0xPolygonHermez / cdk-erigon

Ethereum implementation on the efficiency frontier
GNU Lesser General Public License v3.0
35 stars 39 forks source link

RPC/Sequencer stuck under load #1461

Closed xavier-romero closed 3 days ago

xavier-romero commented 1 week ago

A partner reported issue with sequencer stopping to process transactions under high load, and they identified this issue as related to db.read.concurrency configuration. They report that increasing that number the issue goes away. I did not reproduce exactly, but very similar scenario though. So, I've set db.read.concurrency to 5 to be able to reach the "high load" easily, then sending simple EOA transfers to the RPC, it gets stuck after few txs. image image

Even after stopping the txs for hours and with no activity at all, the sequencer remains "stuck". image

Sharonbc01 commented 1 week ago

@xavier-romero can you confirm which Fork this bug was observed on please?
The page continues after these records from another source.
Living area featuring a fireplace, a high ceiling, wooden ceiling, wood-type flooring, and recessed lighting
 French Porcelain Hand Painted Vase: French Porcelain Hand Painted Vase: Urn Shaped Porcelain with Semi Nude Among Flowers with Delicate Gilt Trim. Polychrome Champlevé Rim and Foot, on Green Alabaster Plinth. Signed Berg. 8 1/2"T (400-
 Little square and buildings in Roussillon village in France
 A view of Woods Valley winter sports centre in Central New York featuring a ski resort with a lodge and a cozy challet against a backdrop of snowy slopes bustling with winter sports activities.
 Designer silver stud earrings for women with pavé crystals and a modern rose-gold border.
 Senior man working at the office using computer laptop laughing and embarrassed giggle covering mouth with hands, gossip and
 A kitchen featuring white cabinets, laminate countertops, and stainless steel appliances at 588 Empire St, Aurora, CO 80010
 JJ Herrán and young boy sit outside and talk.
Sharonbc01 commented 1 week ago

@mandrigin will look into but not seen as a showstopper

praetoriansentry commented 1 week ago

TODO, we should collect a pprof/goroutined dump when the instance is stuck.

hexoscott commented 1 week ago

Deja vu - we fixed this in cdk-erigon-lib but as part of the upstream merge of 2.60 the updates to MDBX weren't ported over.

Sharonbc01 commented 1 week ago

Fix in beta 10 to validate.

giskook commented 6 days ago

With this fix https://github.com/0xPolygonHermez/cdk-erigon/pull/1472 , X Layer erigon RPC still stuck.

giskook commented 5 days ago

With https://github.com/0xPolygonHermez/cdk-erigon/releases/tag/v2.60.0-beta10 and following configure, the rpc will stuck.

datadir: /data/erigon-data/xlayer-mainnet
chain: xlayer-mainnet
http: true
private.api.addr: localhost:18091
zkevm.l2-chain-id: 196
zkevm.l2-sequencer-rpc-url: https://rpc.xlayer.tech
zkevm.l2-datastreamer-url: stream.xlayer.tech:8800
zkevm.l1-chain-id: 1
zkevm.l1-rpc-url: https://rpc.ankr.com/eth/{replace to your eth rpc}

zkevm.address-sequencer: "0xAF9d27ffe4d51eD54AC8eEc78f2785D7E11E5ab1"
zkevm.address-zkevm: "0x2B0ee28D4D51bC9aDde5E58E295873F61F4a0507"
zkevm.address-rollup: "0x5132A183E9F3CB7C848b0AAC5Ae0c4f0491B7aB2"
zkevm.address-ger-manager: "0x580bda1e7A0CFAe92Fa7F6c20A3794F169CE3CFb"

zkevm.l1-rollup-id: 3
zkevm.l1-first-block: 19218658
zkevm.l1-block-range: 2000
zkevm.l1-query-delay: 1000
zkevm.datastream-version: 3

http.api: [eth, debug, net, trace, web3, erigon, zkevm]
http.addr: 0.0.0.0
http.port: 28544
hexoscott commented 4 days ago

Is this a problem with syncing and holding the network tip @giskook ? I see you mentioned eth_getLogs crashing which is a different issue altogether.

giskook commented 4 days ago

Is this a problem with syncing and holding the network tip @giskook ? I see you mentioned eth_getLogs crashing which is a different issue altogether.

Maybe it's a different issue, let's figure out the stuck one first.

giskook commented 4 days ago

curl http://127.0.0.1:47050/debug/pprof/goroutine?debug=1 > goroutines.log goroutines.log

curl http://127.0.0.1:47050/debug/pprof/profile?seconds=60 > pprof.bin pprof.bin.log

Sharonbc01 commented 4 days ago

Igor noted this is specific to Xlayer

Sharonbc01 commented 3 days ago

@hexoscott will close this issue as RPC / Sequencer stuck is resolved. Scott will open a new issue for a specific OKX issue.

hexoscott commented 3 days ago

Closing this down as the deadlock problem in the sequencer is now fixed, I have opened #1485 to tackle the RPC syncing issue as something separate.